We are looking for a Data Engineer / Machine Learning Engineer to build and scale the data and intelligence layer powering our multi-tenant SaaS platform. You will own data pipelines that ingest, transform, and serve billions of events across analytics, billing, and product surfaces — and increasingly power ML-driven features such as scoring, recommendations, and intelligent automation.

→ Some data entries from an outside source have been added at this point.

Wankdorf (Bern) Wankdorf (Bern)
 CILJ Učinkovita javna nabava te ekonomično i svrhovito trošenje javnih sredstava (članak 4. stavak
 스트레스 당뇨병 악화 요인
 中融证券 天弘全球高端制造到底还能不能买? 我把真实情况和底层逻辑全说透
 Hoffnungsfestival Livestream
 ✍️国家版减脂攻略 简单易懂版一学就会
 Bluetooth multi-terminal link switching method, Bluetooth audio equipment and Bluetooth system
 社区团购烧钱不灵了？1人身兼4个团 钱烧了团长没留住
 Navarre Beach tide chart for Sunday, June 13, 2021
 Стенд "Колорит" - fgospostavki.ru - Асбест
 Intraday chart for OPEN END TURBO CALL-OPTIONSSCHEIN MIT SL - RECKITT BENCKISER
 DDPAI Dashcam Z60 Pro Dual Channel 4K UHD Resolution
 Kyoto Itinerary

This is a hands-on role with deep ownership: you will design schemas, build pipelines end-to-end, optimize query performance on ClickHouse, and ship ML workflows into production. You will work closely with backend, product, and founding engineering leadership.

Core Responsibilities

  • Design, build, and maintain scalable batch and streaming data pipelines using Apache Airflow and Python.
  • Model and optimize analytical workloads on ClickHouse — including partition strategy, sort keys, materialized views, and ReplacingMergeTree / AggregatingMergeTree patterns.
  • Build and maintain ETL/ELT workflows for ingestion from operational stores (Mysql, PostgreSQL, MongoDB) into the analytics warehouse.
  • Develop, deploy, and monitor machine learning models — from feature engineering to training, evaluation, and production serving.
  • Define and enforce data contracts, schema evolution, and data quality checks across services.
  • Partner with backend teams to instrument event tracking and ensure data correctness across multi-tenant boundaries.
  • Optimize query performance and cost; investigate and resolve slow queries, full partition scans, and skew issues.
  • Contribute to the MLOps stack: model versioning, experiment tracking, monitoring, and retraining pipelines.
  • Write clean, tested, well-documented code. Participate in code reviews and design discussions.

Mandatory Skills

  • Python Programming — strong proficiency, including pandas, NumPy, and production-grade code (typing, packaging, testing).
  • Data Pipelines — solid experience designing batch and/or streaming pipelines, with awareness of idempotency, backfills, and failure recovery.
  • Apache Airflow — authoring DAGs, custom operators, sensors, and managing dependencies in production.
  • ClickHouse — hands-on experience with table engines (MergeTree family), partitioning, sort keys, and materialized views.
  • SQL — advanced proficiency: window functions, CTEs, query plans, and performance tuning on large datasets.
  • Relational and NoSQL databases — working knowledge of PostgreSQL and MongoDB (schemas, indexing, CDC patterns).
  • Distributed data processing — practical experience with PySpark, Dask, or equivalent for large-scale transforms.
  • Message brokers & streaming — hands-on experience with RabbitMQ and Apache Kafka; understanding of producers/consumers, partitioning, consumer groups, delivery guarantees, and dead-letter handling.
  • Machine Learning fundamentals — supervised/unsupervised techniques, model evaluation, and at least one framework (scikit-learn, PyTorch, or TensorFlow).
  • Version control with Git and collaborative workflows (PRs, code reviews).

Preferred Skills

  • Experience in agile development environments.
  • Familiarity with DevOps tools and CI/CD pipelines (e.g., GitHub Actions, GitLab CI, Jenkins).
  • Knowledge of containerization tools like Docker and orchestration platforms like Kubernetes.
  • Exposure to cloud platforms like AWS or GCP (BigQuery, Cloud Composer, GKE, Pub/Sub, Dataflow) is a plus.
  • Familiarity with CDC tools (Debezium) and stream processing frameworks (Kafka Streams, Flink).
  • Exposure to MLOps tooling — MLflow, Weights & Biases, SageMaker, Vertex AI, or equivalent.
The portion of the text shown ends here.